It sets out in broad terms a radical shake up and change in working practices with the introduction of partnerships from the private sector.

The unions are describing it as privatisation of policing and the break up of the police family in the West Midlands.

'Radical change'

The chief constable said he saw it as a transformation.

So what is happening and why?

Over the next four years the police budget in the West Midlands has to lose £126m.

The force has already reduced its budget by £40m and lost some 1,000 police staff posts.
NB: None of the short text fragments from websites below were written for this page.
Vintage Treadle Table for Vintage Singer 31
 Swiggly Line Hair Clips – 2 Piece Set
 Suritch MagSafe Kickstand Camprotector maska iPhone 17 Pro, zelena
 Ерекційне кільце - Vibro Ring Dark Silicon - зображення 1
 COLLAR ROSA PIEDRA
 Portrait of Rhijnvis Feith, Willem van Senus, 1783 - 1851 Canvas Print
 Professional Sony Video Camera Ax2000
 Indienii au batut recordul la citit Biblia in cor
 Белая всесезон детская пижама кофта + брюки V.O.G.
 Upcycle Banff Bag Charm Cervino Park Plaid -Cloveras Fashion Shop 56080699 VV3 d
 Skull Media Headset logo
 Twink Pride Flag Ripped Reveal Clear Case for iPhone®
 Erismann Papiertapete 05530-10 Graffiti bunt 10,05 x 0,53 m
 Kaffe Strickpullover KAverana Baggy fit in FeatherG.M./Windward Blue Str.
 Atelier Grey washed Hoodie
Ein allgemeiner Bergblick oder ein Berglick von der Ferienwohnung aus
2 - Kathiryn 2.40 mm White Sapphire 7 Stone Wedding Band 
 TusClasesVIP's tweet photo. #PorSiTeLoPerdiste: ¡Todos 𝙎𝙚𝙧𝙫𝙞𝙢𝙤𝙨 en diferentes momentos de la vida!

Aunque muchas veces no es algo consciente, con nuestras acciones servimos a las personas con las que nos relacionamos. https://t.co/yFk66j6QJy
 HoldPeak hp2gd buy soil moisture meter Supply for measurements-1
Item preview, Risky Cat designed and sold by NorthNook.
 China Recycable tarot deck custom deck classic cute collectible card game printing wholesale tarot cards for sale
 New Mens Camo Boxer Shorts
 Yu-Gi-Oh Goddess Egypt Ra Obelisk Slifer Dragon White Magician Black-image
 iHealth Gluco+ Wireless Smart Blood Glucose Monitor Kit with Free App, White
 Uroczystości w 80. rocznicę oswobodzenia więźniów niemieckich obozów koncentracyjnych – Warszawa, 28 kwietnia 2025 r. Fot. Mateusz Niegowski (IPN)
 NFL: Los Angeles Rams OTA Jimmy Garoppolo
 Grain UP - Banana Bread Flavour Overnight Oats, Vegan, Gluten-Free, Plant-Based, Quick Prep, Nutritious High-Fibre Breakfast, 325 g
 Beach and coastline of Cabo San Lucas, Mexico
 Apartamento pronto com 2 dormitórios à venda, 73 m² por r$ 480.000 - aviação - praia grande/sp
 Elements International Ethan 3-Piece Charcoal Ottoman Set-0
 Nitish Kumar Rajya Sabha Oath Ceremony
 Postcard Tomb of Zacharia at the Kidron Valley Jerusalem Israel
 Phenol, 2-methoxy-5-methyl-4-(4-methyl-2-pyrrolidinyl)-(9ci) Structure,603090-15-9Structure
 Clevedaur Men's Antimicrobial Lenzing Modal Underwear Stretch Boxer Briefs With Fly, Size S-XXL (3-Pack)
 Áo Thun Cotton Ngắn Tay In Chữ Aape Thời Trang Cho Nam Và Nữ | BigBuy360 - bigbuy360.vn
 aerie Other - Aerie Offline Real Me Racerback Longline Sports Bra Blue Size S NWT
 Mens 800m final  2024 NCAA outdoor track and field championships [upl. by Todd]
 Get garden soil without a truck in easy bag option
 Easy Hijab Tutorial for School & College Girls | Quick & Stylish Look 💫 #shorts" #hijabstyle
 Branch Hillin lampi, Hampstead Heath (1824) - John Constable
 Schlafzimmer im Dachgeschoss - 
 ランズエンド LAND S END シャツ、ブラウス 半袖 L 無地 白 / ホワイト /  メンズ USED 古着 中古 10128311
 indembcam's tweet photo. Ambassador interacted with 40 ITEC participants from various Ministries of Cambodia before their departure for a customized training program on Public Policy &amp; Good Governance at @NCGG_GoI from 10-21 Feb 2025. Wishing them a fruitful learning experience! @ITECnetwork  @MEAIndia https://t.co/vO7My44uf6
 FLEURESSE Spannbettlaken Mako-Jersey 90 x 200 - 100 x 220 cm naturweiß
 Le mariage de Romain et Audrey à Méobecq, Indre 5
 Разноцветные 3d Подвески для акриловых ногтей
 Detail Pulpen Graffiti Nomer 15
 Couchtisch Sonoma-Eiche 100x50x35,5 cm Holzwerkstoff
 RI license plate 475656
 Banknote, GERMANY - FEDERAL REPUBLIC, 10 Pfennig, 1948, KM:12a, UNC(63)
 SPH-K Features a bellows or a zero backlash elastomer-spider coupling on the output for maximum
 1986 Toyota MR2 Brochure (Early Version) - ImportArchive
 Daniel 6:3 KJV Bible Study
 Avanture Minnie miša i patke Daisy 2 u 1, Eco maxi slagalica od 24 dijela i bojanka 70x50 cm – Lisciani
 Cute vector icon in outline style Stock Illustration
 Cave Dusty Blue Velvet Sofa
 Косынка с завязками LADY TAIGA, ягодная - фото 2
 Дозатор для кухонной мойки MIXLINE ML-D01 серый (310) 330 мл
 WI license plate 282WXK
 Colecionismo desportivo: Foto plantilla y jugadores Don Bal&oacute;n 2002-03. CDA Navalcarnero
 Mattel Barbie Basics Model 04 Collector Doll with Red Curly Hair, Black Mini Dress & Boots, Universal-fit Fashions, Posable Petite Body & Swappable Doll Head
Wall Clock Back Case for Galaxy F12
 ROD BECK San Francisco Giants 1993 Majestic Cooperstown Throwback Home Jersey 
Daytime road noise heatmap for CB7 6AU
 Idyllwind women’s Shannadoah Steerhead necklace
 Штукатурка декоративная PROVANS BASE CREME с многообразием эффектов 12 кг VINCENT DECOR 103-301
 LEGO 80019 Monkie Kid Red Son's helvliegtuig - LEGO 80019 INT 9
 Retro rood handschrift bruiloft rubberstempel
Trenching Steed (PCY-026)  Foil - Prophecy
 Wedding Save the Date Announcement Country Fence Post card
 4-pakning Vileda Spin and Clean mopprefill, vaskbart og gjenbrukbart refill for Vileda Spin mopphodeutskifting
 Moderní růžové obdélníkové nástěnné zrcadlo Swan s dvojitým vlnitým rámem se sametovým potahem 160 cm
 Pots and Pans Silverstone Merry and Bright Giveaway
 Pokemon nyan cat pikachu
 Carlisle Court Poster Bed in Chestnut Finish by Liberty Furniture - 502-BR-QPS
But it needs to cut deeper; £38m must go in next year's budget.

Chief Constable Chris Sims has had to look afresh at ways of matching the savings now required by central government and planning long-term in an era when budgets are not likely to grow.

He said: "We've been looking at the way we're organised - the systems, the technology and we're now moving into some more radical if you like transformation.

"The proposal to consider working with the private sector really represents a step change in the way we're organised and an opportunity to radically change and transform the way we operate."

Officer redeployment

Bearing in mind that 80% of the police authority budget is made up of police pay, it means that staff, training and deployment of resources all have to be squeezed.

The Police Federation, which represents rank and file officers up to the grade of inspector, said it viewed the proposals with extreme disquiet.

The federation claims the changes in the short-term will mean 65 fewer traffic officers and eight less dog handlers.

These posts are not being lost, merely redeployed.

Andy Gilbert, chairman of the Police Federation, said he was unhappy because of what he saw as a lack of consultation.

'Less public service'

He said: "In real terms what this means is less traffic officers on the roads, so that's not going to help in reducing criminality or making the roads safer.

"It's going to mean less dog handlers and less police dogs.

"Now in certain circumstances a dog handler and a dog can be worth 10 officers.

"In reality what this means is less of a service to the public. The only thing you get for less is less."

The immediate loss is a reduction of 390 posts made up of 173 police officers and 217 police staff.

It is expected that 88 people will face compulsory redundancies by the end of March 2012.

Mr Sims said the politicians had set the budget and his job was to make it work. But what will the public get from this new look force?

The chief constable was emphatic.

He said: "We'll still have the ability to do the serious business of counter terrorism, public order and organised crime.

"It will be a well supported organisation but it will be leaner and more efficient."